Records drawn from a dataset
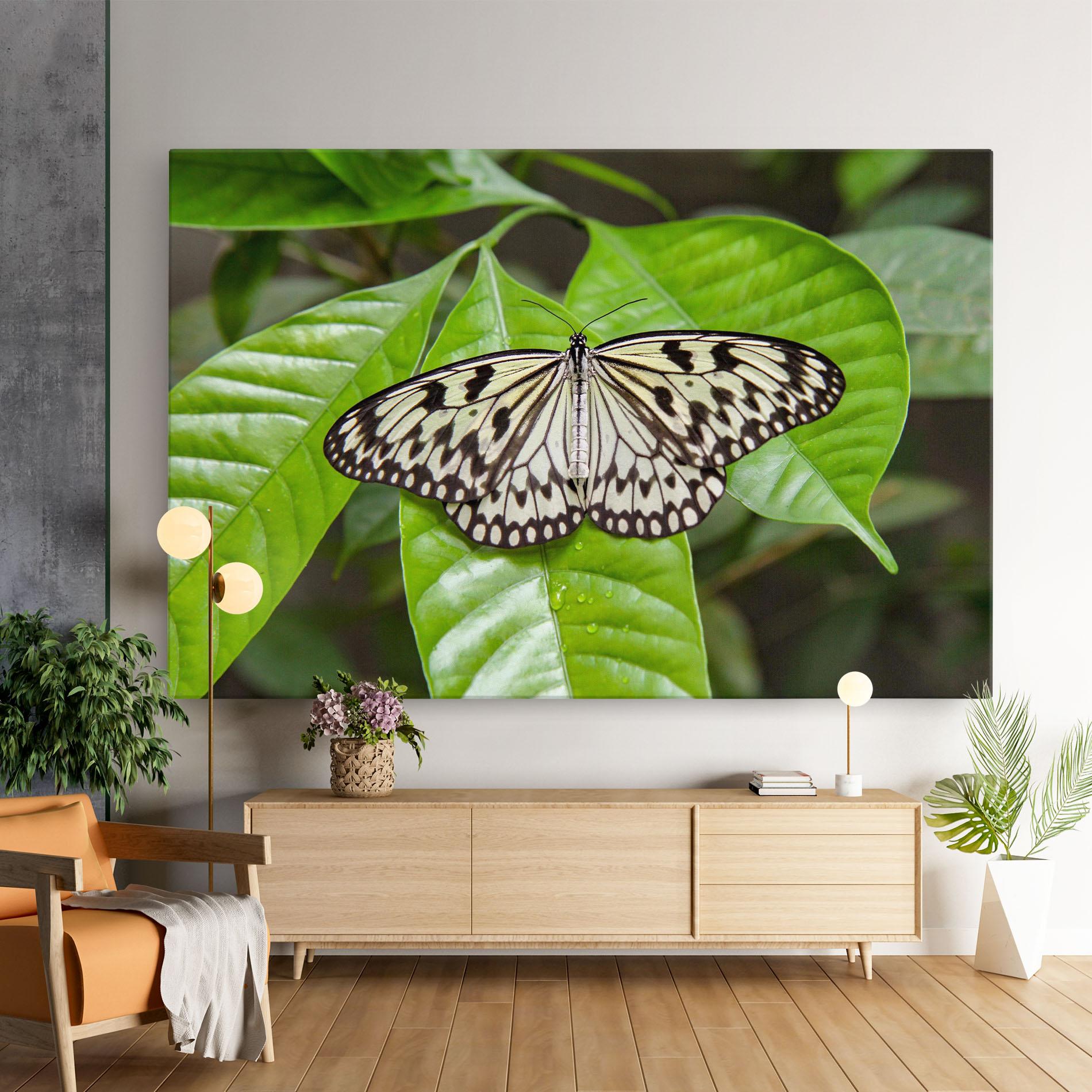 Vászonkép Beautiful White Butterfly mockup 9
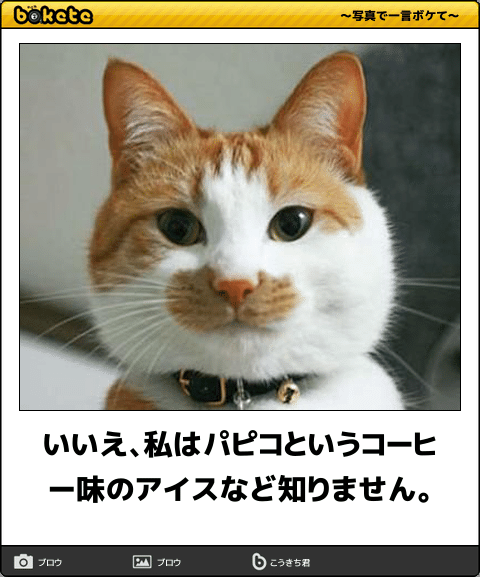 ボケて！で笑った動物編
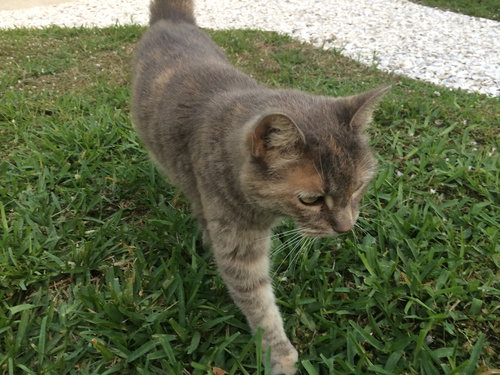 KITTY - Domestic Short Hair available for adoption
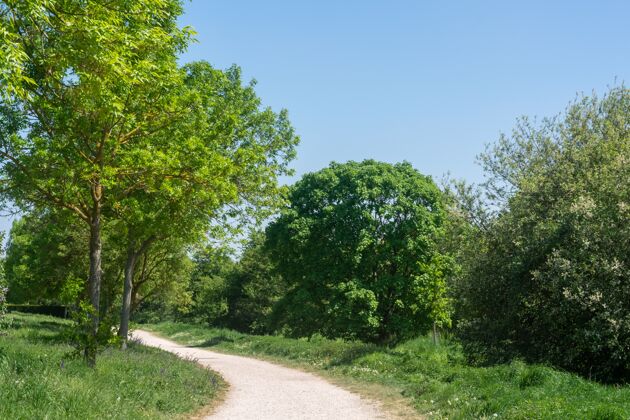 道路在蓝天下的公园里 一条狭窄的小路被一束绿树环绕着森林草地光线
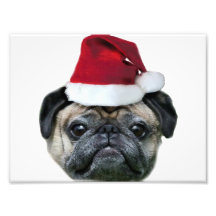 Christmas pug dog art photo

Problem
All lines from the one containing "ボケて！で笑った動物編" to the last line of the data above, both included, should be printed exactly, and the pictures should not appear.

Exercise solution
 ボケて！で笑った動物編
 KITTY - Domestic Short Hair available for adoption
 道路在蓝天下的公园里 一条狭窄的小路被一束绿树环绕着森林草地光线
 Christmas pug dog art photo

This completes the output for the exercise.